> About this exercise: Retype the following data exactly, but leave its pictures out.

Information provided below:

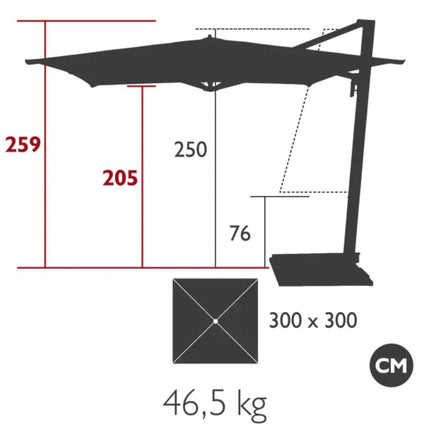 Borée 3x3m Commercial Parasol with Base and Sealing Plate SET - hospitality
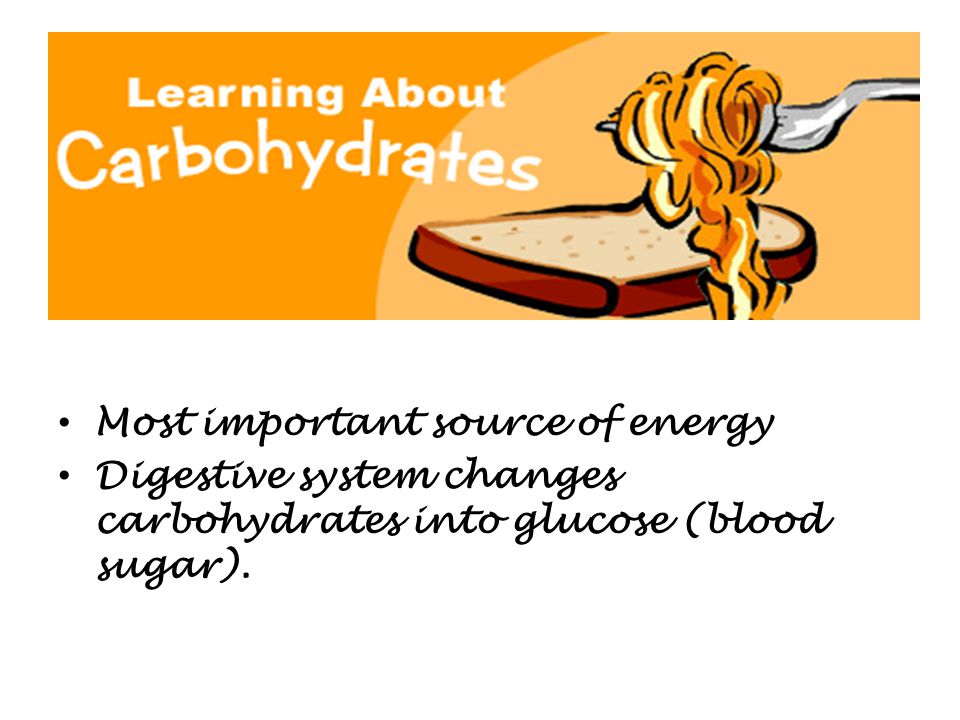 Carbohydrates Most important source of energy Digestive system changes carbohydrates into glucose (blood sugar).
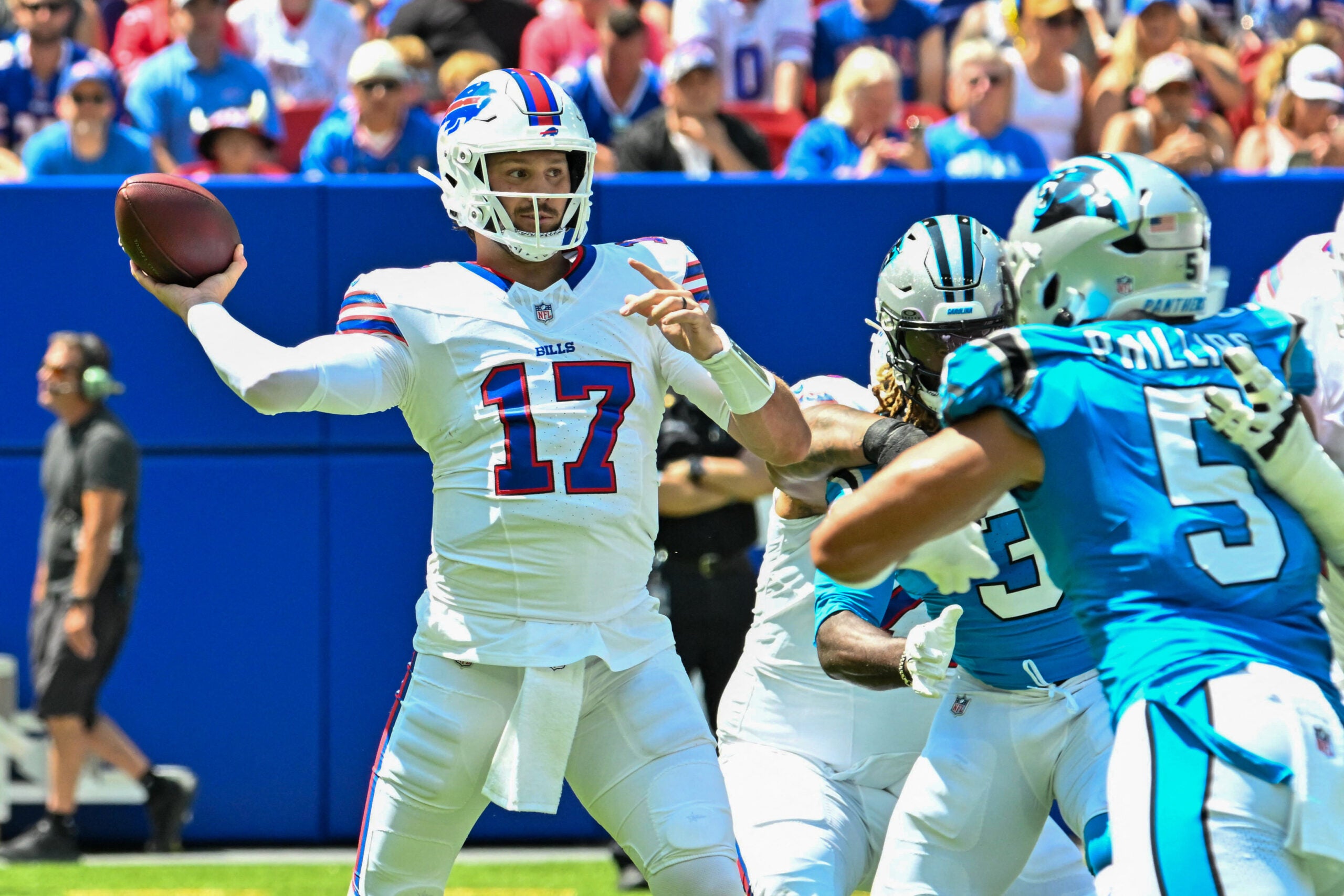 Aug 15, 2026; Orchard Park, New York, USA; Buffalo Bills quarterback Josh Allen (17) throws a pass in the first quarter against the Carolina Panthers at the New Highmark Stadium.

End of Information provided.

> Solution to this problem:
 Borée 3x3m Commercial Parasol with Base and Sealing Plate SET - hospitality
 Carbohydrates Most important source of energy Digestive system changes carbohydrates into glucose (blood sugar).
 Aug 15, 2026; Orchard Park, New York, USA; Buffalo Bills quarterback Josh Allen (17) throws a pass in the first quarter against the Carolina Panthers at the New Highmark Stadium.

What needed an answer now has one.